▶ _WHAT THIS TASK INVOLVES_
Whenever a line in the data holds the string "with", pull that line out.

(Crawled caption data)
Segment Open
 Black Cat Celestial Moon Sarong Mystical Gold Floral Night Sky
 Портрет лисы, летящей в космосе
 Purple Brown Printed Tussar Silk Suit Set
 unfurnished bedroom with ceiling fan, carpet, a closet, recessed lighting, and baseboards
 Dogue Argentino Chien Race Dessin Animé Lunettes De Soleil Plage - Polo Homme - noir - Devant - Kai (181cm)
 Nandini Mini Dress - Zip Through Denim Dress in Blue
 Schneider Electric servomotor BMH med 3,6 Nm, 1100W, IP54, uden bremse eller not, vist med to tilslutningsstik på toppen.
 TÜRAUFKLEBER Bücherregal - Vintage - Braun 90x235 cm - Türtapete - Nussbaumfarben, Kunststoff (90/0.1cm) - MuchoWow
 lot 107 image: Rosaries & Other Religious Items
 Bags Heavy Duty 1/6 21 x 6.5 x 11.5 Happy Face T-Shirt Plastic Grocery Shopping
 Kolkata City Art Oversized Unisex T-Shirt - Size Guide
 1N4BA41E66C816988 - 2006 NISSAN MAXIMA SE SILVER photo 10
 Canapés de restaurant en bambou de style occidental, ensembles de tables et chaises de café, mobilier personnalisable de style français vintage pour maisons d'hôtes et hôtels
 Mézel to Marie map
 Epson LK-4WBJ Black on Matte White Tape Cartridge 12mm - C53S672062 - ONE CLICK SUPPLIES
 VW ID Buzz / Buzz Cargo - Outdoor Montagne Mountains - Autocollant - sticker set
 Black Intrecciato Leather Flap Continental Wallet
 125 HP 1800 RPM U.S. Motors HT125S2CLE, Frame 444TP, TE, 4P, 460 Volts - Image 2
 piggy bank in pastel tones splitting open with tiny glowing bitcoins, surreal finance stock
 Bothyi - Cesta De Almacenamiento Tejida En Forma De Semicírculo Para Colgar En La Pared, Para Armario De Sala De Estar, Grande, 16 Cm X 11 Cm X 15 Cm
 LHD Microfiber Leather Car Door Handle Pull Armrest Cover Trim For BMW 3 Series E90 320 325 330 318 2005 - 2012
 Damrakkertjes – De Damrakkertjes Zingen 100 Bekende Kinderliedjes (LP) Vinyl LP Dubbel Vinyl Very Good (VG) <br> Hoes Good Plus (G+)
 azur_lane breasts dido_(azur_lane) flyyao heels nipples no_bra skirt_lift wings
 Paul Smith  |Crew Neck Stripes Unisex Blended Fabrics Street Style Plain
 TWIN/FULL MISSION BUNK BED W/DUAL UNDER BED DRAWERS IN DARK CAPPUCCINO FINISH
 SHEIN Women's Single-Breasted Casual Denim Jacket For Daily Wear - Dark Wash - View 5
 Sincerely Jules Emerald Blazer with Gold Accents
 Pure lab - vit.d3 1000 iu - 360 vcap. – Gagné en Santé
Segment Closed
▶ _WRITTEN SOLUTION_
 unfurnished bedroom with ceiling fan, carpet, a closet, recessed lighting, and baseboards
 piggy bank in pastel tones splitting open with tiny glowing bitcoins, surreal finance stock
 Sincerely Jules Emerald Blazer with Gold Accents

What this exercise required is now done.